ACTION ITEM — Copy out the data below from the line containing "Facing Bolgoda Lake Land At Madapatha" to the line containing "Property Photo: 586 Lincoln Street OH 45760", both lines included, with all images left out.

DATA EXTRACT —
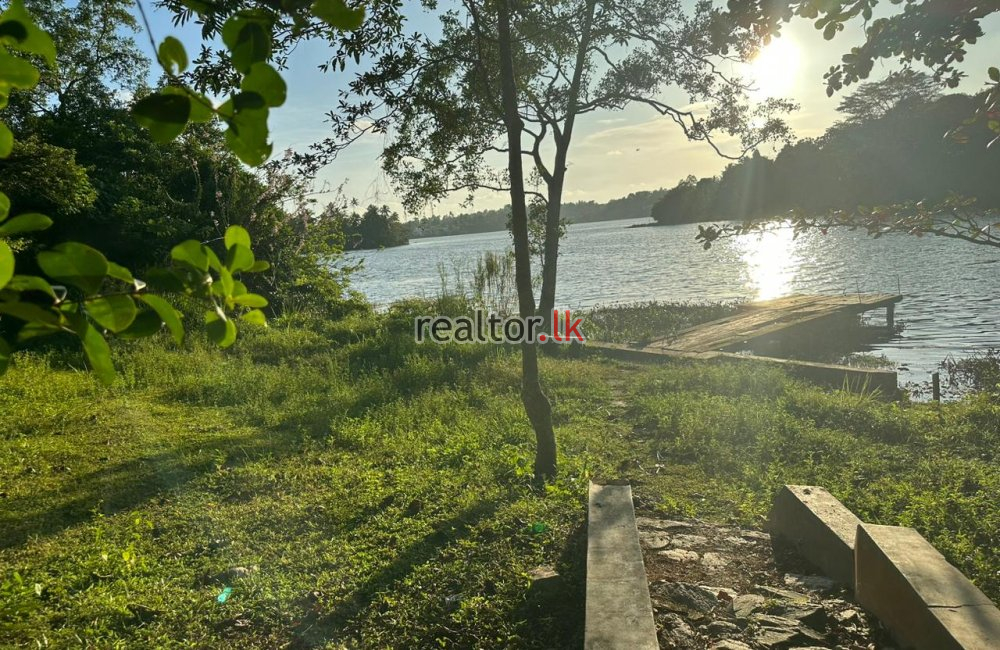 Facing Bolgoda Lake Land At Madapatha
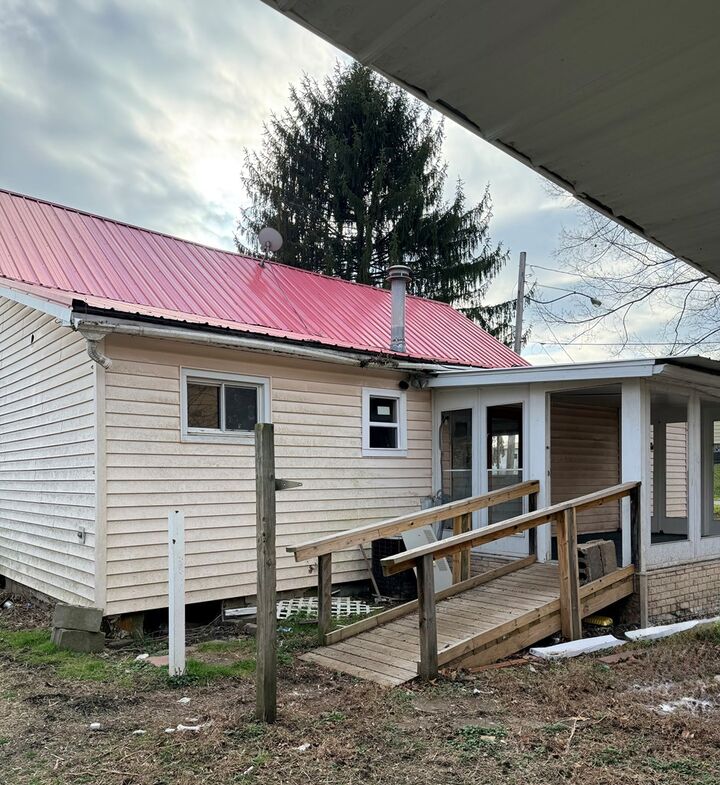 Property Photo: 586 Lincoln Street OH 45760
* * *
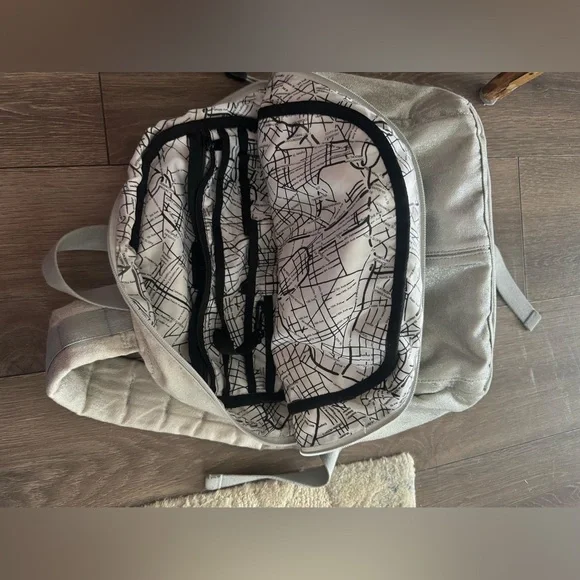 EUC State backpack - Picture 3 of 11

EXERCISE ANSWER —
 Facing Bolgoda Lake Land At Madapatha
 Property Photo: 586 Lincoln Street OH 45760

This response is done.